The Minister in Denmark (Coleman) to the Secretary of State

No. 103

Sir: I have the honor to refer to despatch No. 43 dated April 9, 1932, enclosing an aide-mémoire left by me at the Foreign Office on April 8, in protest of the workings of the Exchange Control Board against American imports.

In the meantime no reply and no explanation of the workings of the Board was given. In one important instance, however, after an import permit had been refused an Oil Company for the importation of American oil for the present quarter’s needs, representations were made and the application was reconsidered and a sufficient import permit granted. Fewer complaints have been lodged and no new concrete cases of discrimination are now on record in the Legation.

On April 29 I was asked to call on Mr. Mohr at the Foreign Office and was handed a Note Verbale in reply to my protest mentioned above. A copy of this Note is enclosed herewith and will be found to be indefinite and in no way answering the protest of seeming discrimination.

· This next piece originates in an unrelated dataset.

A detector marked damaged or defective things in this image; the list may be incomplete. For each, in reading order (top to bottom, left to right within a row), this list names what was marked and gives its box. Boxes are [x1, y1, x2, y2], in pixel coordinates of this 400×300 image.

It is more or less the same unsatisfactory argument maintained from the first, nevertheless my opinion on the question remains unchanged as fully expressed on the last page of my despatch No. 85 dated June 14, 1932,5 “Foreign Exchange Control”.

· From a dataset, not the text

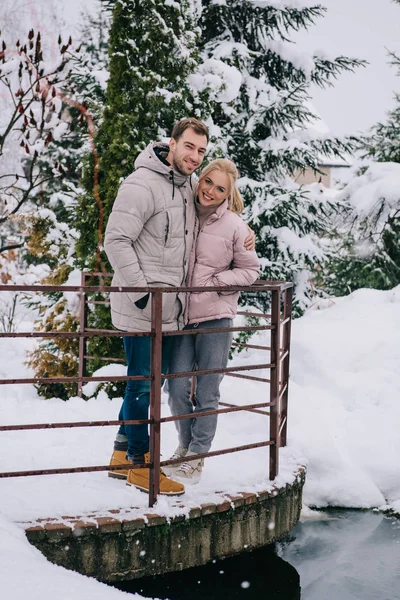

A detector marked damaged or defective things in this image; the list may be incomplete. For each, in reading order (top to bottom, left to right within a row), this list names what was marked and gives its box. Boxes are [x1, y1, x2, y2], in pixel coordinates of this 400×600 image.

rusty metal railing [0, 276, 294, 506]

. . . . . . . . . . . . . .

Respectfully yours,

For the Minister:
North Winship

Counselor of Legation

The Danish Ministry for Foreign Affairs to the American Legation

O.P.I. Journal No. 73. K.38/USA

Note Verbale

In reply to the aide-mémoire of April 8th and to the verbal inquiry of the American Legation, the Ministry for Foreign Affairs have the honor to give the following information:

The tariff increases, import restrictions and other restrictive measures introduced by various countries during the last years have [Page 161] affected the principal Danish exports, viz. agricultural produce, to an exceptional degree. As a result of these measures Denmark is no longer able to maintain her export to the same extent as formerly, and there are, in consequence, fewer bills of exchange available for purchases abroad. Consequently Denmark is unable to maintain her usual import trade; when obstacles are placed in the way of the export trade, causing the latter to decrease, imports must necessarily be reduced in the same ratio if the economy of the country is to remain on a sound basis. It has therefore been necessary to introduce an exchange regime limiting imports and arranging an allotment of the limited quantities of foreign bills of exchange available by issuing exchange certificates, i.e. permits to buy foreign currency.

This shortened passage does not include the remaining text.